Customize Your 1.67 or 1.74 High Index Lenses into Sunglasses

High index lenses are thin, lightweight, and compatible with a variety of attractive and stylish frames. That’s all well and good but what about outdoor use? Are there high index sunglasses? Two possible options are wearing a pair of flat sunglasses over the prescription glasses, or using clip-ons. Apart from the clunkiness and less than stylish appearance of wearing two pairs of glasses, there’s the problem of carrying around the sunglasses. It’s an extra complication, which means that sometimes you won’t have them when needed, you can lose them, and all the handling increases the risk of scratching or damaging them.

On the other hand, clip-ons are easier to carry around, and look better. But again, it’s one more thing you’ll have to carry around, which introduces the same inconveniences of using a pair of flat sunglasses. Another problem is their repeated clipping and removal makes it likely they’ll eventually break. However, you can customize your 1.67 or 1.74 high index eyewear into sunglasses by choosing the right options. In addition, it isn’t necessary to customize a separate pair of glasses just for outdoor use. This will be explained later.

The Requirements for Sunglasses

Sunglasses should do three things. They should reduce sunlight intensity, glare, and block out all UV light. All of these are important. Intense sunlight causes squinting, which is uncomfortable and causes eyestrain, fatigue, and possibly headaches. Glare causes the same problems, and also interferes with clear vision. Our eyes can’t process the extreme contrast produced by glare from reflections off shiny objects or from the sun when it’s low in the sky.

Blocking out UV has nothing to do with comfort because you can’t see or feel it, although you will feel its aftereffects in the case of sun blindness. However, this requires extreme UV exposure. For moderate exposure levels, the problem is cumulative eye damage that may cause serious vision problems later in life. Fortunately, most high-index plastics naturally block out all UV light. However, you should always verify this before your purchase.

Frame Choice

A functional pair of sunglasses limit your frame choice somewhat. Namely, you can’t use a frame style that accommodates very small lenses. If you like glasses with small lenses, there is little point trying to customize them into functional sunglasses. The reason is too much UV light will reach your eyes from bypassing the lenses entirely. Select a frame that accommodates the largest high index lens possible. The frame should also fit closely. These two requirements will prevent UV light from “leaking in” through the sides.

Sunlight Intensity and Glare

Although polarized lenses do a good job of eliminating glare, they aren’t versatile. They can distort your view of some digital displays and they cut down light intensity. Less light transmission makes them less useful indoors and dangerous at night. They are meant for use in outdoor daylight.

Unless you intend to have two separate high index glasses for indoor/night and outdoor/day use, applying a transition tint on a single pair of glasses is a better option. Transition tints respond to bright sunlight by darkening into sunglasses, but become clear when you’re indoors and at night.

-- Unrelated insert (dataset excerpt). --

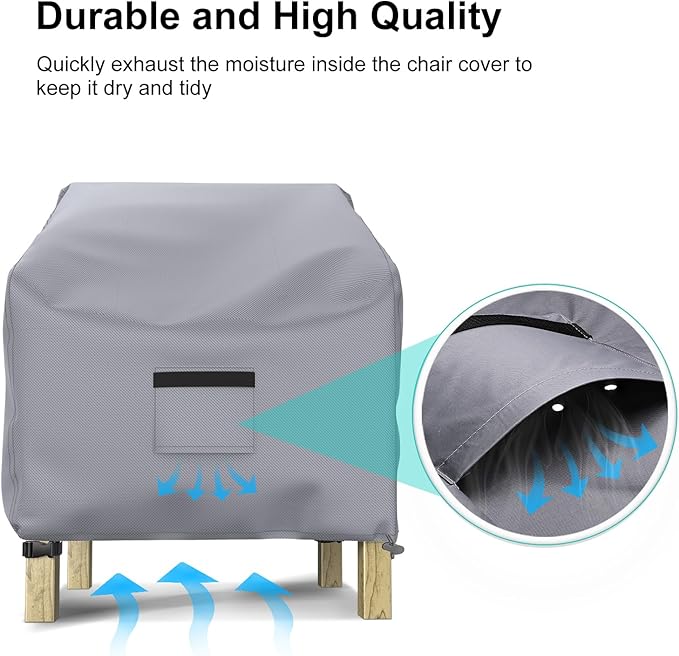 Patio Chair Covers for Outdoor Furniture Waterproof 2 Pack, Lawn Chair Covers 600D Heavy Duty Oxford Cloth, Large Covers for Lounge Lawn Deep Seat 38" W x 31" D x 29" H-Gray
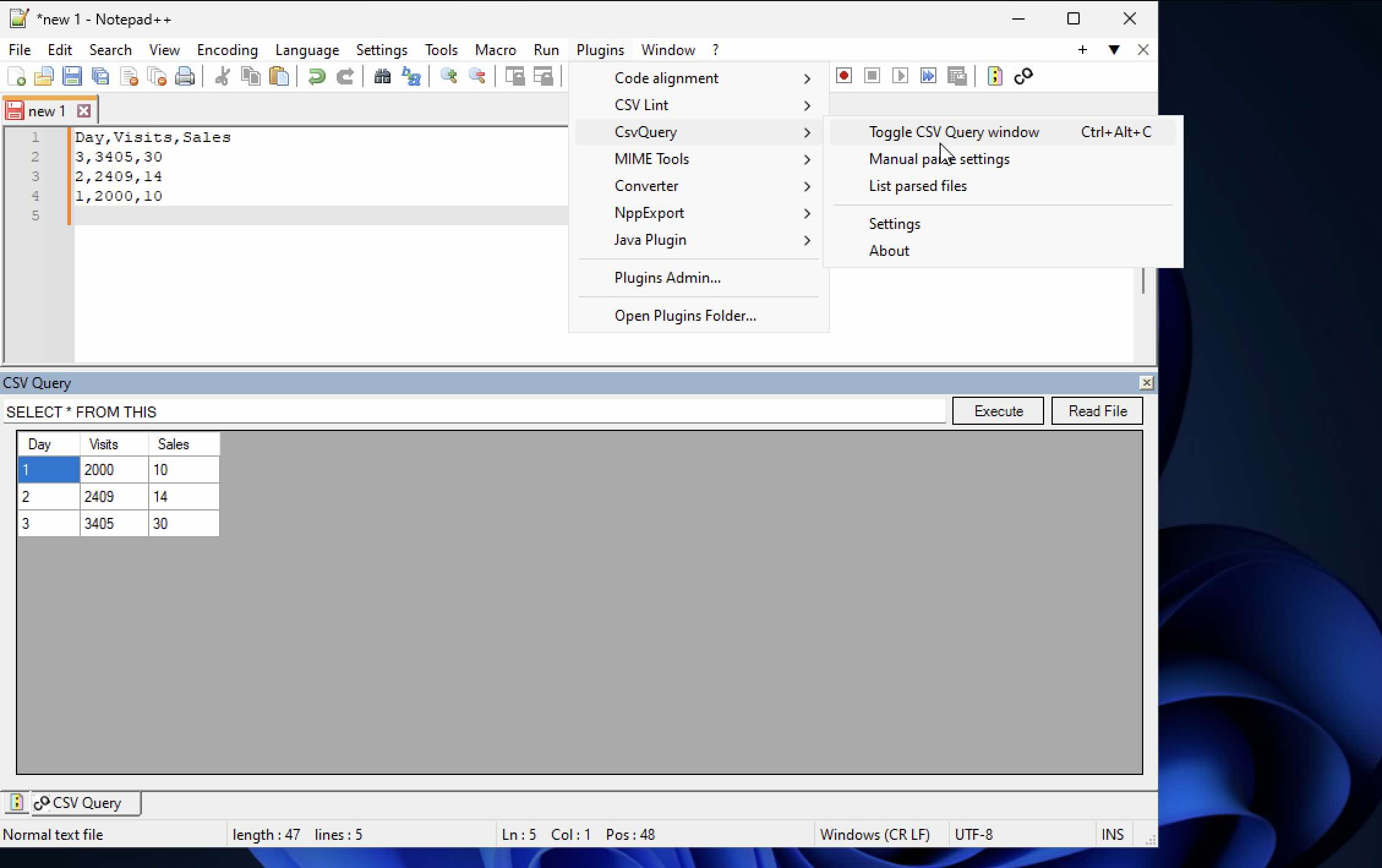 CSV Query Window - Notepad++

Transition tints can take a few minutes to adjust either way, and are activated by UV light. If your car’s windshield blocks UV, then the tint won’t darken. However, an inexpensive clip-on kept in the glove compartment is a good work-around for this problem. Transition gray and transition brown tints are available for 1.67 and 1.74 high index lenses. Gray tint allows true color perception, while brown increases contrast. Transition tints also block out all UV light.

Summary

By avoiding small lens sizes and adding a transition tint to your high index lenses, you will effectively have a pair of eyeglasses that turn into sunglasses outdoors but remain useful indoors and at night. The transition tint eliminates the light intensity, glare, and UV problems. The largish lens size and the high index lens material, also block UV.